> Your task:
Each line of the listing, apart from the pictures, is to be printed exactly.

BEGIN Raw data

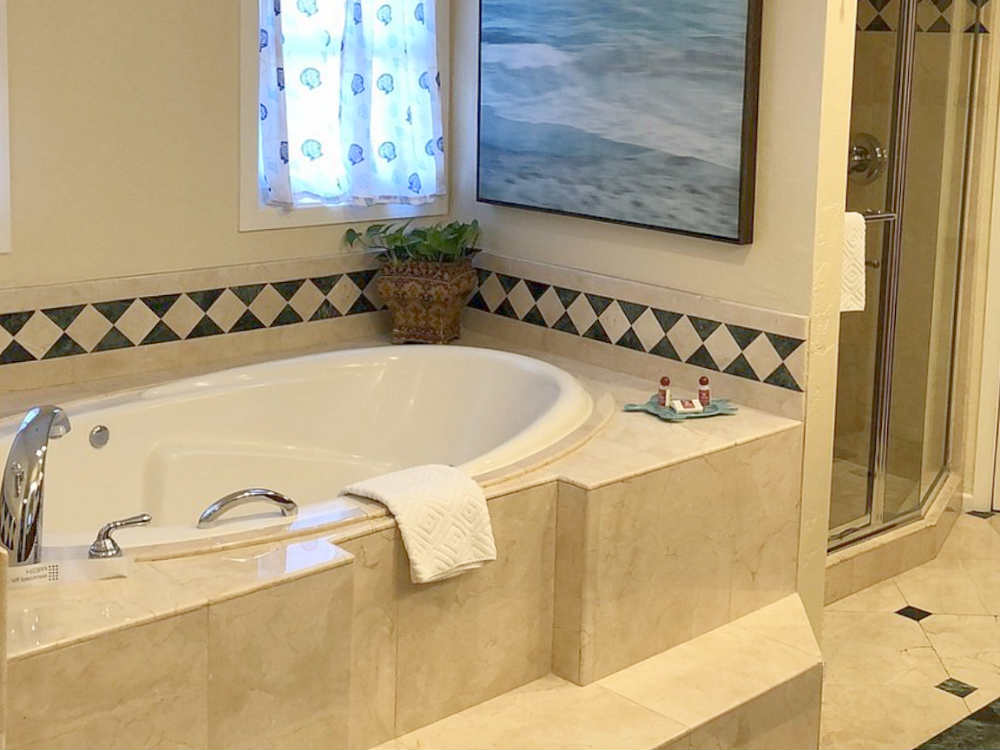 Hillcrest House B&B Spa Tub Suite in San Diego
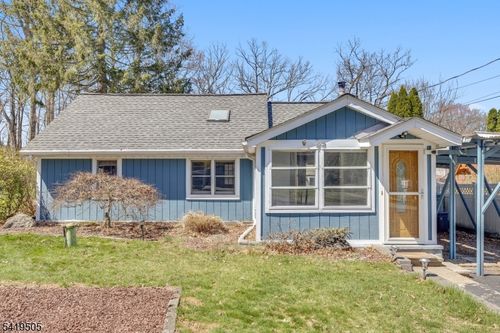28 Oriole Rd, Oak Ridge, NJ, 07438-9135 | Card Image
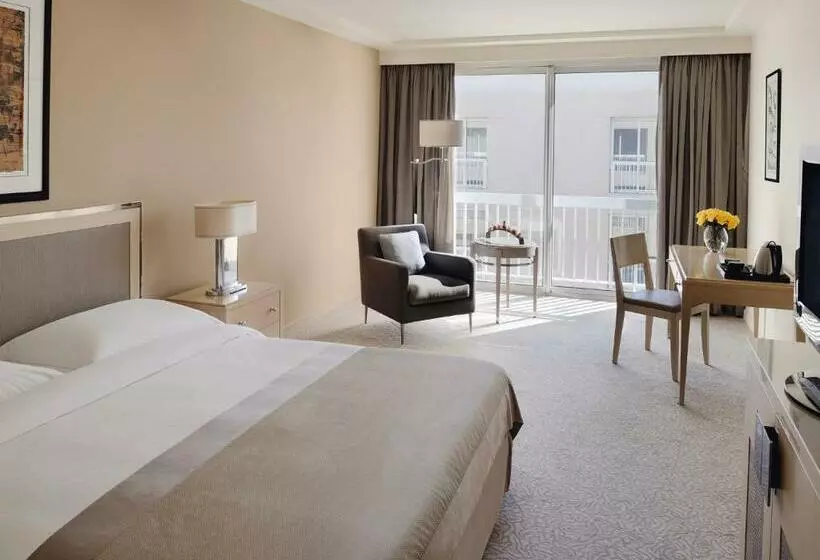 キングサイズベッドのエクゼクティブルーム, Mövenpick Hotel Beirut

END Raw data

> Task result:
 Hillcrest House B&B Spa Tub Suite in San Diego
28 Oriole Rd, Oak Ridge, NJ, 07438-9135 | Card Image
 キングサイズベッドのエクゼクティブルーム, Mövenpick Hotel Beirut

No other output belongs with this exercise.